Effects of Kinase Inhibitors on hSC-CMs Characteristics
Apoptosis
Incucyte® live-cell imaging and analysis enabled us to continuously monitor and evaluate apoptotic effects in the hSC-derived myocytes treated with a diverse panel of kinase inhibitors over 24 h. A concentration-dependent increase in apoptosis was detected by caspase-3/7 assay for 10 out of 14 compounds with 5 of them belonging to the group of PI3K inhibitors. An overview of the individual compound results is presented in Figure 2, which consists of 4 panels built according to the kinase class and specificity of the inhibitors. Panels A, B, C and D show the results for the PI3K-pan, PI3K isoform-specific, GSK-3 and ROCK kinase inhibitors, respectively. Individual data used to generate graphs are provided in Data File 1. 1μM used as a positive control induced a strong caspase 3/7 signal that could be monitored over 24 h in hSC-CMs (Supplementary Figure 1).

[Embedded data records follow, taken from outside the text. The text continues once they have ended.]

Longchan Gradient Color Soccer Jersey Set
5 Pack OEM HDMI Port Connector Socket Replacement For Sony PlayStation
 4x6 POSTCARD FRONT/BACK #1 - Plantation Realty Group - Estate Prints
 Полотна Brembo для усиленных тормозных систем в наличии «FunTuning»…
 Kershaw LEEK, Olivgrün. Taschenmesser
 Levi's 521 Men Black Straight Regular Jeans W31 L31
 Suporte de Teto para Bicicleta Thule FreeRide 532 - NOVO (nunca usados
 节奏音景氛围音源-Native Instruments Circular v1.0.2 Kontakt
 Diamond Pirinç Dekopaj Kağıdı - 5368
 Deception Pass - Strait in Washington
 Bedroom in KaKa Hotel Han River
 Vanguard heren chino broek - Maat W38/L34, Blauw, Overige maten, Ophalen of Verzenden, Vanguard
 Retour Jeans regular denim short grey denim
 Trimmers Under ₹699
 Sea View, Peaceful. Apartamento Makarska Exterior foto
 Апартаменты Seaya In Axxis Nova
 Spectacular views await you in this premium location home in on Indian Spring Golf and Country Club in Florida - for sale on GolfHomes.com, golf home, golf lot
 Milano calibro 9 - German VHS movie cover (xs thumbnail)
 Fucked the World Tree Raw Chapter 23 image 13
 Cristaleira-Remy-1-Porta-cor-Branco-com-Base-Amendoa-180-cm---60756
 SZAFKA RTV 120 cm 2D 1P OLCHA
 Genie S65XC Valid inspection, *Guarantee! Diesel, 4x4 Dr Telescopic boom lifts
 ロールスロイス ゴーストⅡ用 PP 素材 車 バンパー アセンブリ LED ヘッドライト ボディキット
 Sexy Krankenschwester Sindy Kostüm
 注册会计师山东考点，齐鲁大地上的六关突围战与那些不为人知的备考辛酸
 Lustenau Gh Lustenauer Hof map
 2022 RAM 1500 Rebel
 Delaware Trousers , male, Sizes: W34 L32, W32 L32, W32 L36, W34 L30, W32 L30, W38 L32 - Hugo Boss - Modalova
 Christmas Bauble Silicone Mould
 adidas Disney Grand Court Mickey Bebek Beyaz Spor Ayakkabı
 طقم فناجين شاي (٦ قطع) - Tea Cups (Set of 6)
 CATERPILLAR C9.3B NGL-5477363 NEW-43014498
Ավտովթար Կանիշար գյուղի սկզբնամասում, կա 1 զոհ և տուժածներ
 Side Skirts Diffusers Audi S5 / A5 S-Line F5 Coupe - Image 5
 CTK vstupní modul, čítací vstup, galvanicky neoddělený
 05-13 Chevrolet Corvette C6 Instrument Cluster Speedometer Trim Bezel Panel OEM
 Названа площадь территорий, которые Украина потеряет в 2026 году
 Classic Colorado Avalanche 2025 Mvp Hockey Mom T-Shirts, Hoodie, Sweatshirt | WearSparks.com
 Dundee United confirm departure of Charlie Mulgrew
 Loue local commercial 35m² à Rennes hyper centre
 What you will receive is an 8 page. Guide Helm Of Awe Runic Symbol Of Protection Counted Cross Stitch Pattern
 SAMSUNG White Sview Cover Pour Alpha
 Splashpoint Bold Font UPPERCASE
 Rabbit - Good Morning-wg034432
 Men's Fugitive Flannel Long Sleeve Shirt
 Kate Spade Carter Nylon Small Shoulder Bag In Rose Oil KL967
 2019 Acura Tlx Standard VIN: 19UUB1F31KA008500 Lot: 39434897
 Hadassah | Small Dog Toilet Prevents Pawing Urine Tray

Figure 2. Graphs of apoptosis kinetics and radar plots for beating rate, base impedance and ATP measured in the hSC-CMs treated with SMKI. (A–D) show the results for the PI3K-pan, PI3K isoform-specific, GSK-3 and ROCK kinase inhibitors, respectively. The data represent the average of 3–5 repeats for each time point. The apoptosis graphs show mean +/- SEM of kinetic data sampled every 2 h after the addition of compounds. The fractional change from baseline determined for each concentration is compared to that of vehicle control (DMSO). The significance is indicated by asterisk (or ns for p>0.1) next to the specific concentration in the graph legends: *p < 0.1, **p < 0.01, ***p < 0.001, ****p < 0.0001. Two-dimensional radar charts present multivariate drug-induced functional profiles in hSC-CMs. They display fractional change from baseline in beating rate, base impedance and ATP content across ascending concentrations of drugs after the short- (2 h) and long-term (24 h) treatment.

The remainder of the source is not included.